Hello!!
Summary
My build of Pytorch v1.10.0 from source seem to have issues with the gloo
and nccl
backends, but works fine with mpi
. The error alternate between:
- Connection refused
- Connection reset by peer
- Socket Timeout
Even when the port is free and available.
Using the pre-built wheel from upstream (torch-1.10.0+cu113-cp39-cp39-linux_x86_64.whl
), the issue cannot be reproduced. In other words, it works as expected.
Building GLOO with the same configuration (cuda and nccl) and running the tests suite : all tests passes.
Running NVIDIA NCCL examples works fine.
Test snippet
import torch.nn.parallel
import torch.distributed as dist
import os
os.environ['MASTER_ADDR'] = str(os.environ.get('HOST', '127.0.0.1'))
os.environ['MASTER_PORT'] = str(os.environ.get('PORT', 29500))
os.environ['RANK'] = str(os.environ.get('SLURM_LOCALID', 0))
os.environ['WORLD_SIZE'] = str(os.environ.get('SLURM_NTASKS', 2))
backend = os.environ.get('BACKEND', 'mpi')

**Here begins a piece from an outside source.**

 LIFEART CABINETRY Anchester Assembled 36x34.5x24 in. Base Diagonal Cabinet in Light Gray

print('Using backend:', backend)
dist.init_process_group(backend)
# dist.init_process_group(backend, init_method=f"tcp://{master_add}:{master", rank=rank, world_size=size)
my_rank = dist.get_rank()
my_size = dist.get_world_size()
print("my rank = %d my size = %d" % (my_rank, my_size))

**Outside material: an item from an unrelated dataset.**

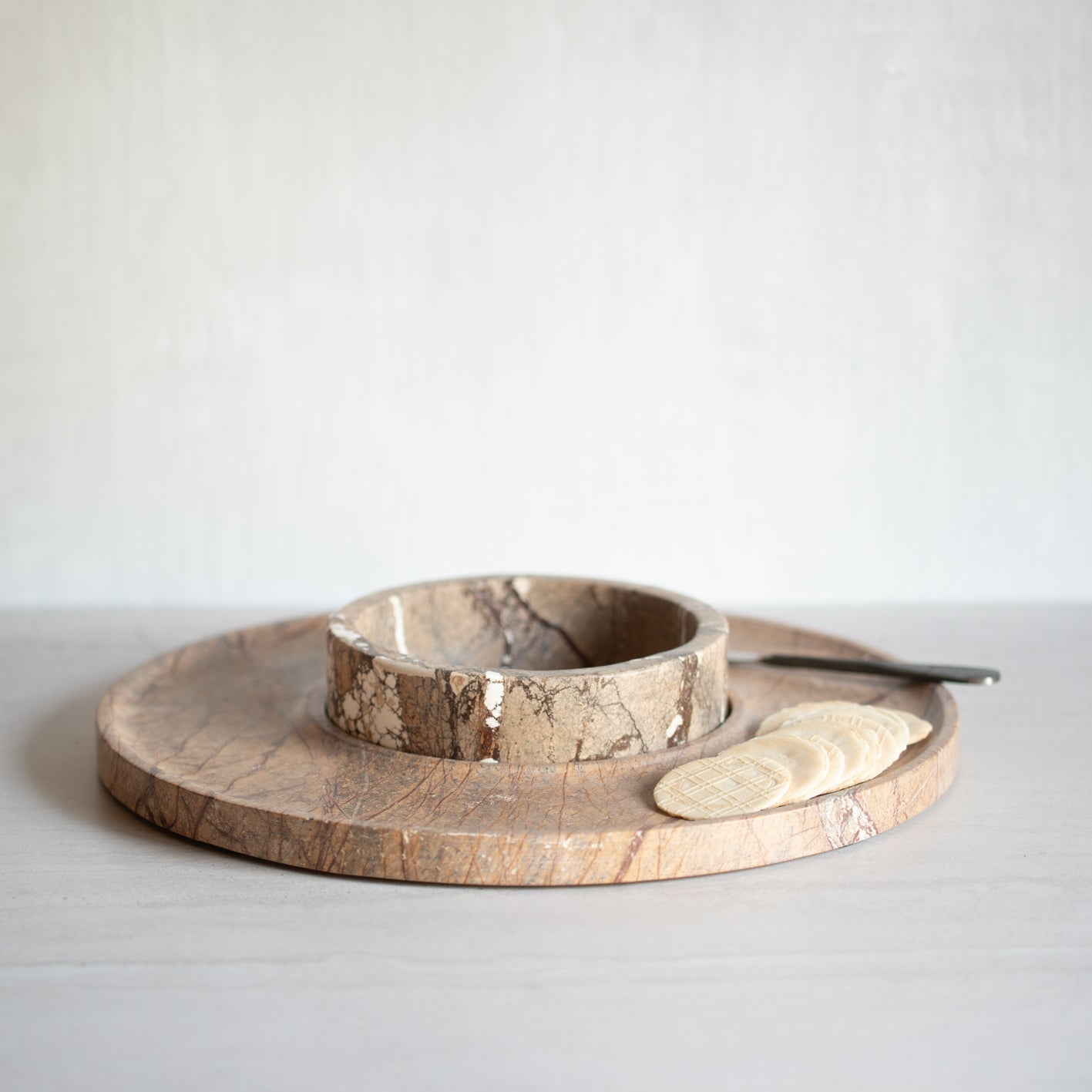 Orbit Brown Forest Marble Serving Bowl + Platter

dist.destroy_process_group()
Ran on an exclusive single node (SLURM) with two tasks:
srun python ddp_torch.py
Details
Configuration
>>> print(torch.__config__.show())
PyTorch built with:
- GCC 9.3
- C++ Version: 201402
- Intel(R) MKL-DNN v2.2.3 (Git Hash 7336ca9f055cf1bfa13efb658fe15dc9b41f0740)

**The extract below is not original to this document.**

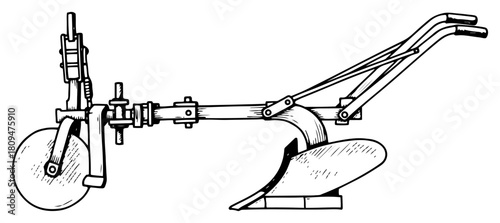 Detailed Vector Sketch of Antique Agricultural Plow with Wheel for Traditional Farming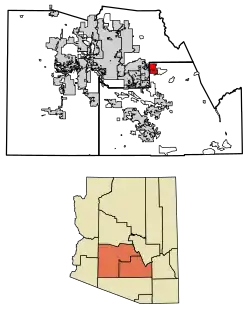 Location in Pinal and Maricopa counties, Arizona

- OpenMP 201511 (a.k.a. OpenMP 4.5)
- LAPACK is enabled (usually provided by MKL)
- NNPACK is enabled
- CPU capability usage: AVX2
- CUDA Runtime 11.4
- NVCC architecture flags: -gencode;arch=compute_60,code=sm_60;-gencode;arch=compute_70,code=sm_70;-gencode;arch=compute_75,code=sm_75;-gencode;arch=compute_80,code=sm_80
- CuDNN 8.2 (built against CUDA 11.3)
- Magma 2.6.1
- Build settings:
BLAS_INFO=flexi
BUILD_TYPE=Release
CUDA_VERSION=11.4
CUDNN_VERSION=8.2.0
CXX_COMPILER=/cvmfs/soft.computecanada.ca/easybuild/software/2020/Core/gcccore/9.3.0/bin/c++
CXX_FLAGS= -fvisibility-inlines-hidden -DUSE_PTHREADPOOL -fopenmp -DNDEBUG -DUSE_KINETO -DUSE_FBGEMM -DUSE_QNNPACK -DUSE_PYTORCH_QNNPACK -DUSE_XNNPACK -DSYMBOLICATE_MOBILE_DEBUG_HANDLE -DEDGE_PROFILER_USE_KINETO -O2 -fPIC -Wno-narrowing -Wall -Wextra -Werror=return-type -Wno-missing-field-initializers -Wno-type-limits -Wno-array-bounds -Wno-unknown-pragmas -Wno-sign-compare -Wno-unused-parameter -Wno-unused-variable -Wno-unused-function -Wno-unused-result -Wno-unused-local-typedefs -Wno-strict-overflow -Wno-strict-aliasing -Wno-error=deprecated-declarations -Wno-stringop-overflow -Wno-psabi -Wno-error=pedantic -Wno-error=redundant-decls -Wno-error=old-style-cast -fdiagnostics-color=always -faligned-new -Wno-unused-but-set-variable -Wno-maybe-uninitialized -fno-math-errno -fno-trapping-math -Werror=format -Werror=cast-function-type -Wno-stringop-overflow
LAPACK_INFO=flexi
PERF_WITH_AVX=1
PERF_WITH_AVX2=1
PERF_WITH_AVX512=1
TORCH_VERSION=1.10.0
USE_CUDA=ON
USE_CUDNN=ON
USE_EXCEPTION_PTR=1
USE_GFLAGS=OFF
USE_GLOG=OFF
USE_MKLDNN=ON
USE_MPI=ON,
USE_NCCL=ON,
USE_NNPACK=ON,
USE_OPENMP=ON,
Missing info from the above: NCCL v2.11.4
Build summary
-- USE_DISTRIBUTED : ON
-- USE_MPI : ON
-- USE_GLOO : ON
-- USE_GLOO_WITH_OPENSSL : OFF
-- USE_TENSORPIPE : ON
Issues
Tests suite
Pytorch test suite with my build from source:
- distributed/test_nccl.py passes
- distributed/test_c10d_gloo.py fails with connection errors
- distributed/test_c10d_nccl.py fails with connection errors
Pytorch test suite with upstream wheel (torch-1.10.0+cu113-cp39-cp39-linux_x86_64.whl
):
- distributed/test_nccl.py passes
- distributed/test_c10d_gloo.py passes
- distributed/test_c10d_nccl.py passes
Manually running the test code
GLOO
(2149) ~ $ export BACKEND=gloo
(2149) ~ $ export PORT=$(python -c 'import socket; s=socket.socket(); s.bind(("", 0)); print(s.getsockname()[1]); s.close()')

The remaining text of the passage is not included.